▶ Try it:
Reproduce from the records below, with no pictures, exactly the lines between the one containing "This is a brand-new" and the one containing "And then I got", inclusive.

▶ Material supplied:
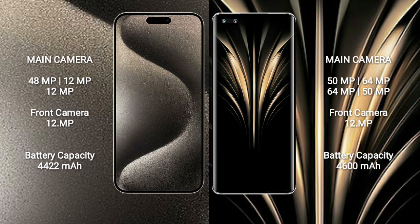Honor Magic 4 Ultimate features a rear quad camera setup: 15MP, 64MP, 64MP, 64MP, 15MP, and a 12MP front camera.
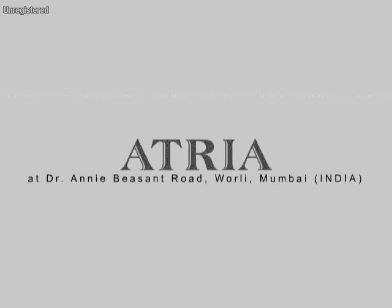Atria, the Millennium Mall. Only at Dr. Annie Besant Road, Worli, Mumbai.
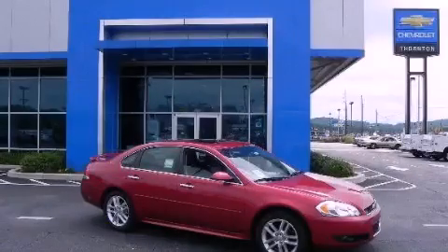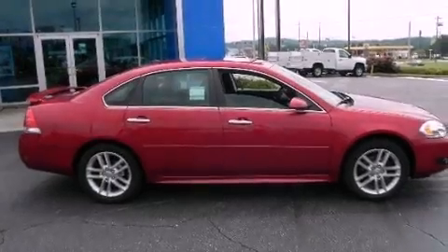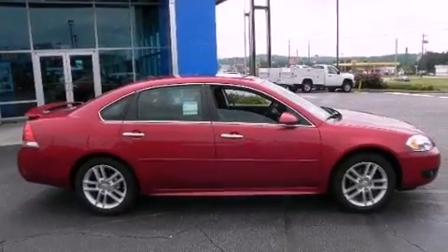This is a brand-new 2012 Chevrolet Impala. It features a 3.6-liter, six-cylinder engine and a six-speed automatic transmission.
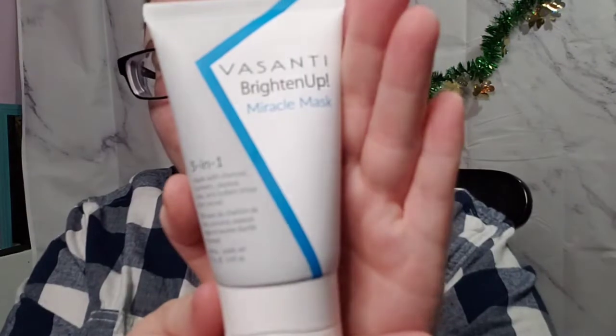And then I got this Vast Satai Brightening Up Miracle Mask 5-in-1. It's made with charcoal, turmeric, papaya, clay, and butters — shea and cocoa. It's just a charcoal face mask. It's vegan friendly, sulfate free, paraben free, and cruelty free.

---

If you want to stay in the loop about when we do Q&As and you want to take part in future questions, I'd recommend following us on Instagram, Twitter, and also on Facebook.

...

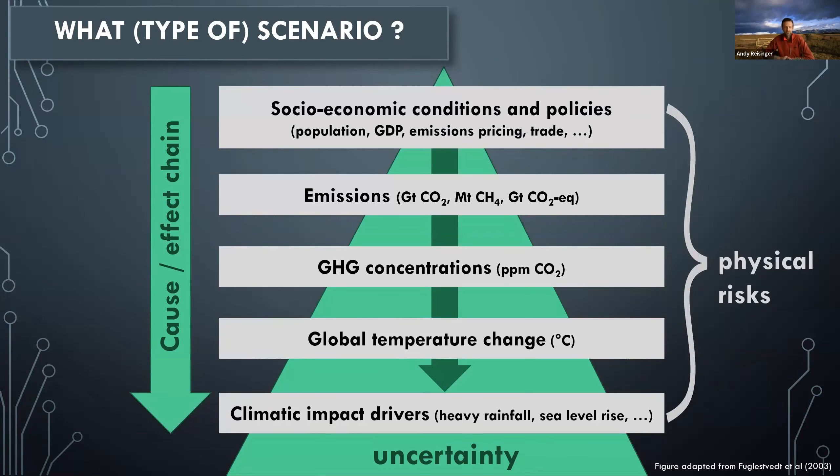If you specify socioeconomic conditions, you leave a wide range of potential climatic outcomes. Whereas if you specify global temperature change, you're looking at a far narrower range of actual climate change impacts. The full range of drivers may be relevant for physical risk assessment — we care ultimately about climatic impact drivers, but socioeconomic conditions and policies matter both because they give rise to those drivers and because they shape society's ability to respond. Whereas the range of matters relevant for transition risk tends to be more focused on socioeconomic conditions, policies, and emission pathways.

▶ Reply to the task:
This is a brand-new 2012 Chevrolet Impala. It features a 3.6-liter, six-cylinder engine and a six-speed automatic transmission.
And then I got this Vast Satai Brightening Up Miracle Mask 5-in-1. It's made with charcoal, turmeric, papaya, clay, and butters — shea and cocoa. It's just a charcoal face mask. It's vegan friendly, sulfate free, paraben free, and cruelty free.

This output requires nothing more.